Night Time Tare Loss
When the inverter is unable to operate (at night i.e. when \(G_{\text{h}}=0\), or during the day when no operating point within the inverter's envelope is available), the inverter will be shut down and its control systems will consume a normally small and constant amount of power known as the Night-Time Tare Loss, supplied by the user in Watts sourced from the inverter specification (\(P_{\text{inv,tare}}\)). As the array will not be generating at these times, the consumed power is supplied by the grid to which the plant is connected. Hence at time \(t_{\text{nop}}\) when the inverter is unable to operate:
$$P_{\text{inv}}(t_{\text{nop}}) = {- P}_{inv,tare}$$
In order to evaluate the Inverter Tare Loss Effect over any period, the amount of power consumed by the inverter when shut down is compared to the amount of power exported by the inverter at other times:
$$\Delta_{\text{tare}} = - \left( \frac{\sum_{i = 1}^{N_{\text{inverters}}}{\sum_{t}^{}{P_{\text{inv}}\left( t_{\text{nop}} \right)}}}{\sum_{i = 1}^{N_{\text{inverters}}}{\sum_{t}^{}{P_{\text{inv}}\left( t_{\text{operating}} \right)}}} \right) \bullet 100%$$
As the power consumed by the inverter is supplied from the grid, additional power will be consumed by the transformer(s) and AC collectors in supplying this power to the inverter.

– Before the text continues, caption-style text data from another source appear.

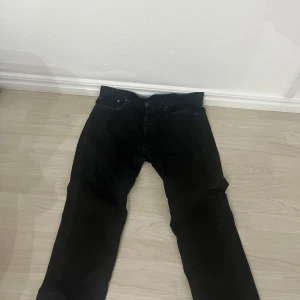Svarta jeans från Levi's - Säljer ett par klassiska svarta jeans från Levi's med rak passform och fem fickor. Jeansen har bälteshällor, knappgylf och är tillverkade i ett slitstarkt bomullsmaterial. Perfekta för en stilren och enkel look.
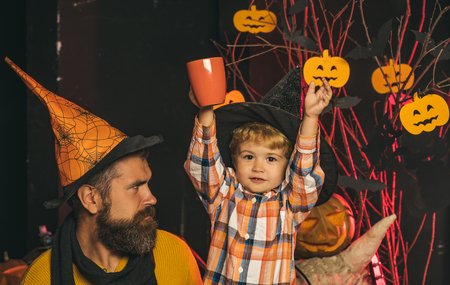 Halloween party and celebration. Halloween Holiday and celebration. man and child in witch hat. Father and small son drink from tea or milk cup. Boy kid with happy face and bearded man at pumpkin.の写真素材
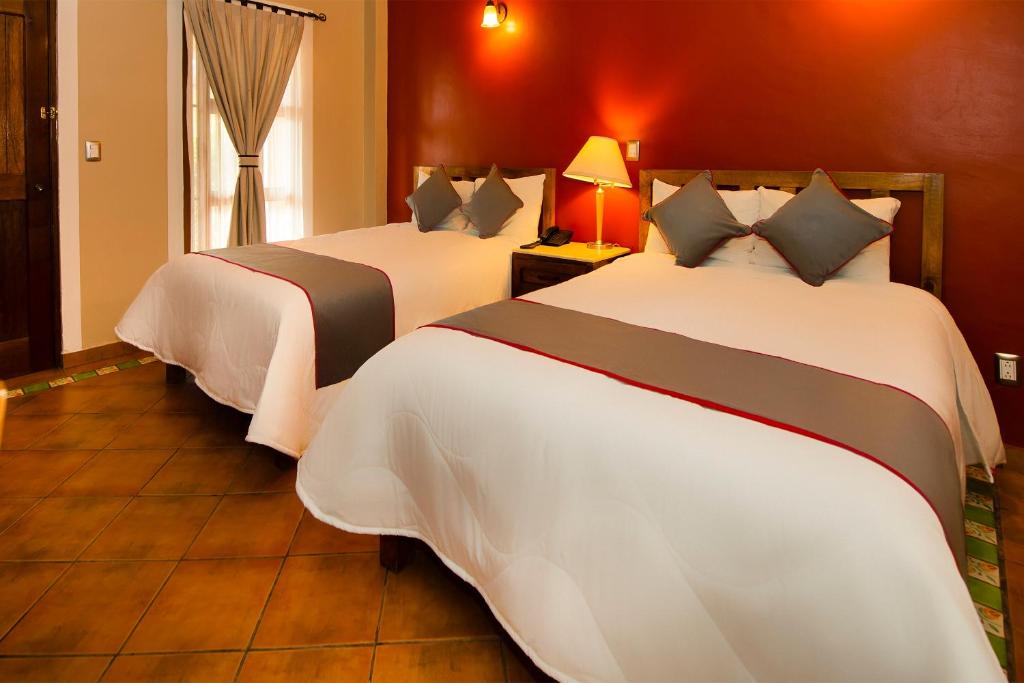 Postel nebo postele na pokoji v ubytování La Casona Tequisquiapan Hotel & Spa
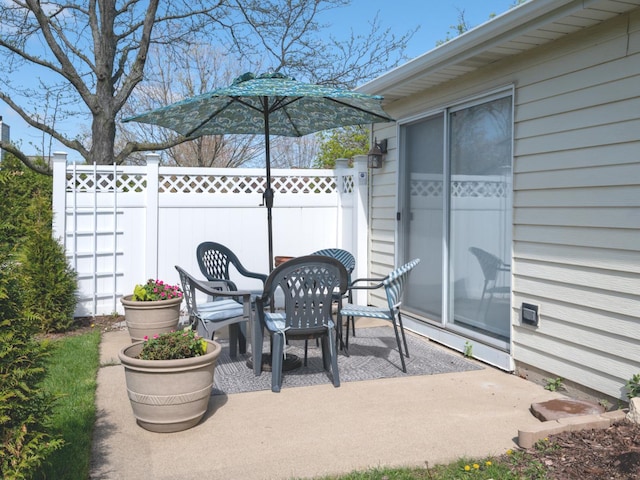 view of patio / terrace featuring fence and outdoor dining area
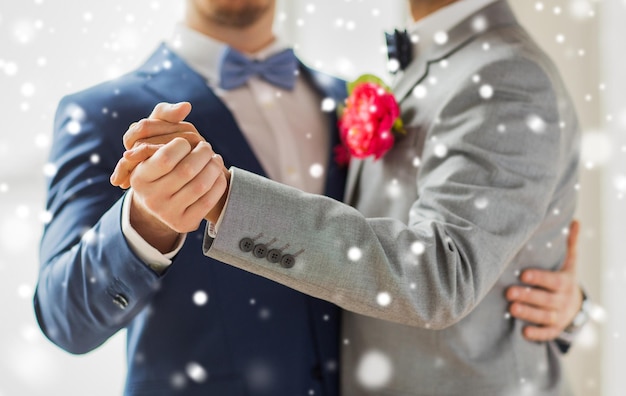 people, homosexuality, same-sex marriage and love concept - close up of happy male gay couple holding hands and dancing on wedding over snow effect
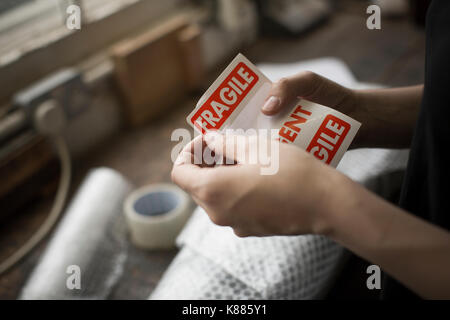 Mains tenant un fragile rouge autocollant à coller sur un paquet de papier brun sur un établi. Banque D'Images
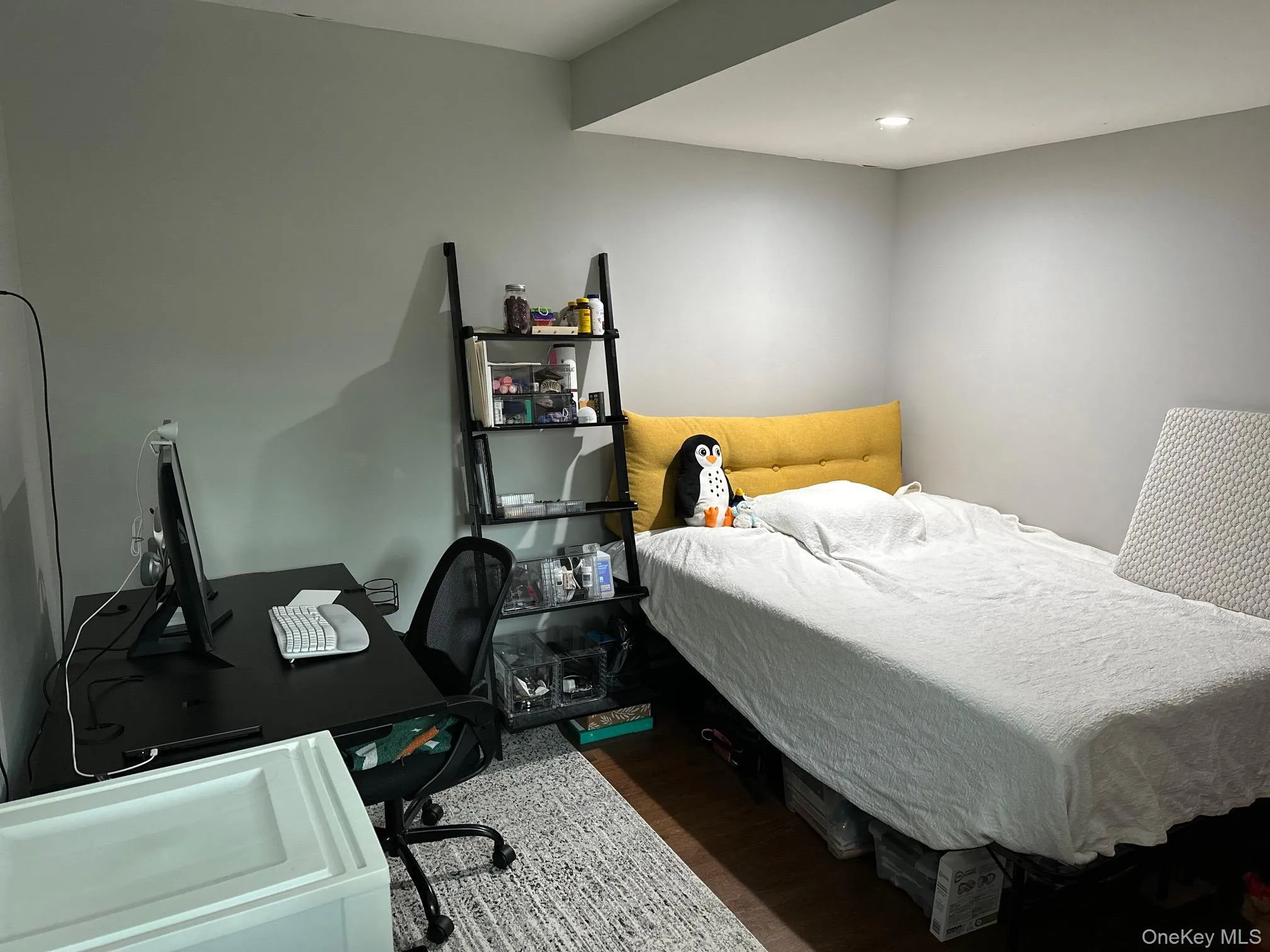 Bedroom with wood finished floors and an office area Bedroom with wood finished floors and an office area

This additional power consumption is not included in the Tare Effect calculation, but instead in the AC Collector and Transformer calculations.
The final time series of inverter output power \(P_{\text{inv}}(t)\) is created by splicing \(P_{\text{inv}}(t_{\text{operating}})\) at times when the inverter can operate with \(P_{\text{inv}}(t_{\text{nop}})\) when it is not.